Ticket blunder leaves crowd in cold

Lines for Keith Urban warm up once inside

11/25/2013
BY ROD LOCKWOOD
BLADE STAFF WRITER
Crowds wait in the cold outside Huntington Center before Keith Urban’s concert because of a problem with credit-card readers.
Crowds wait in the cold outside Huntington Center before Keith Urban’s concert because of a problem with credit-card readers.

Blame it on paperless ticketing, a strategy designed to fend off scalpers that backfired Sunday night and left thousands of people shivering outside the Huntington Center in the frigid night air waiting an hour or more to get inside to see Keith Urban.

The Wi-Fi system used to scan concertgoers’ credit cards went down just 10 minutes before doors were supposed to open at 6 p.m. and it wasn’t back online until about 45 minutes later.

The result was long lines snaking from the Huntington Center on Huron Street and Jefferson Avenue all the way down to Madison Avenue.

People were crowded shoulder-to-shoulder at the main entrance and were packed into the will-call ticket office waiting to get inside.

And they weren’t happy.

“People shouldn’t have to go through this,” said a Toledo man who asked that his name not be in The Blade.

He had a torn Achilles tendon, but had to go to the concert because the tickets he bought for his wife were on his credit card.

“I love the Huntington Center, but I’m not going to go through this every time.”

Steve Miller, the downtown arena’s general manager, said he understood the frustration, but the problem was with the vendor who provides the scanner used to identify tickets purchased on credit cards. With the paperless system, a person buys his or her tickets on a credit card and then uses the credit card as a “ticket” to get inside.

It is designed to prevent scalpers from buying multiple tickets and reselling them for a profit, and Mr. Miller said Urban’s management requested that all 5,500 tickets for the lower-bowl area and floor be sold that way.

“We’re very sorry for what transpired. We did the best we could to get the system up and running as soon as possible,” he said, adding that it was tested at 4:30 p.m. and worked fine.

The next step is making sure it doesn’t happen again.

“We’re going to sit down and find out what went wrong so we can prevent this in the future,” Mr.
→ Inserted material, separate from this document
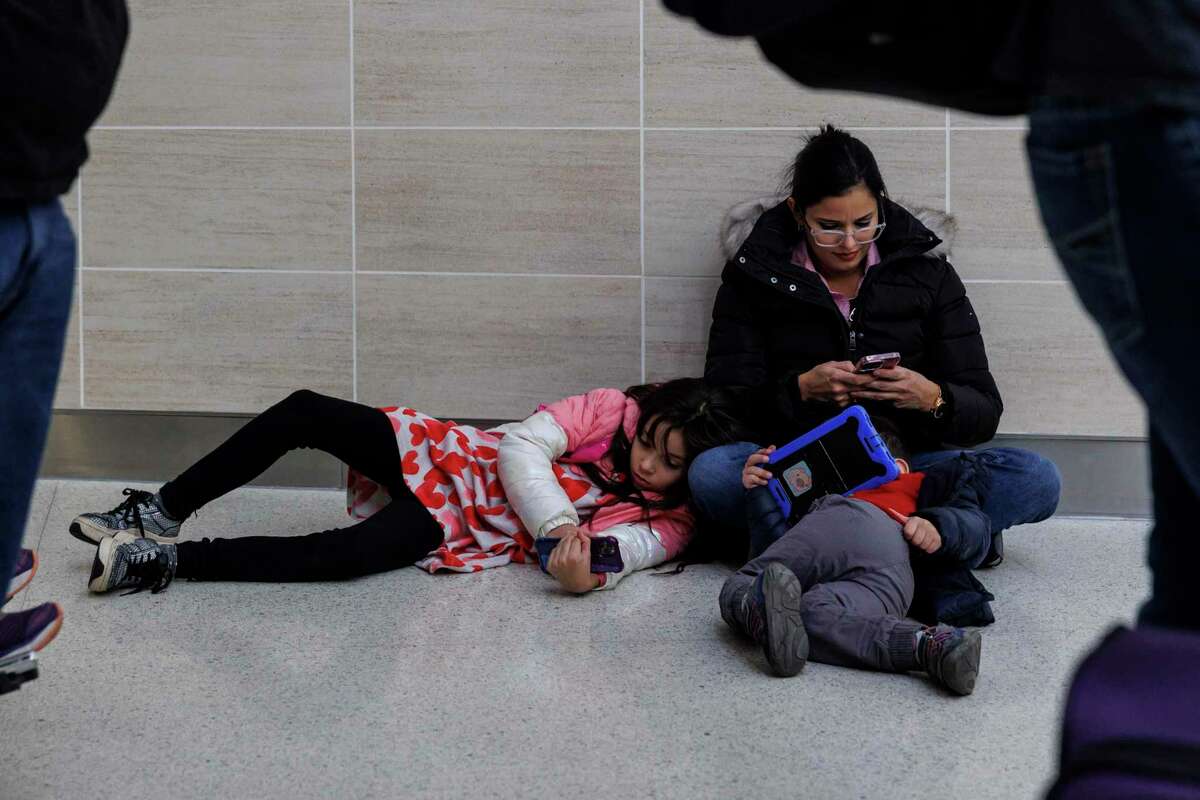 Cristi de Tkachenko, 43, and her children Alejandra, 8, and Ivan, 3, wait for her husband to reach the Southwest Airlines ticket counter to deal with their canceled flights on Dec. 27, 2022. The family from Monterrey, Mexico, decided to take flight vouchers.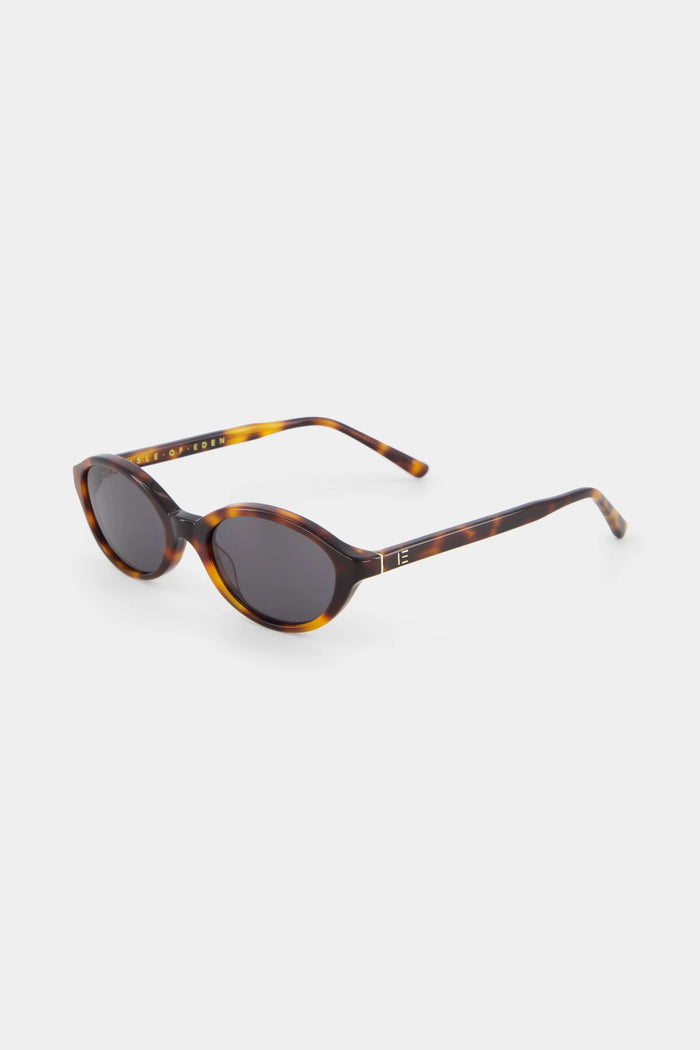 Brown sunglasses with a brand logo on a white background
Miller said.

By the time opening act Little Big Town hit the stage at 8 p.m., the 7,351 people at the show seemed to have warmed up and gotten over being angry about the delay.

The four-piece band’s 50-minute set was tight and crisp, featuring a dramatic version of “Your Side of the Bed,” that segued into a pummeling version of Fleetwood Mac’s “The Chain,” which showed that the band’s roots are more than just country.

Urban sidled onto the stage unannounced a little after 9, dressed all in black, and scooped up a banjo and launched into an instrumental jam.

His music in a live setting is far more pop-rock than country and his stage presence skews more toward Jon Bon Jovi than George Jones.

He also is a phenomenal guitar player and entertainer who can take an arena and turn it into an intimate party setting by virtue of his charisma and stage craft, without ever sacrificing the music to gimmicks.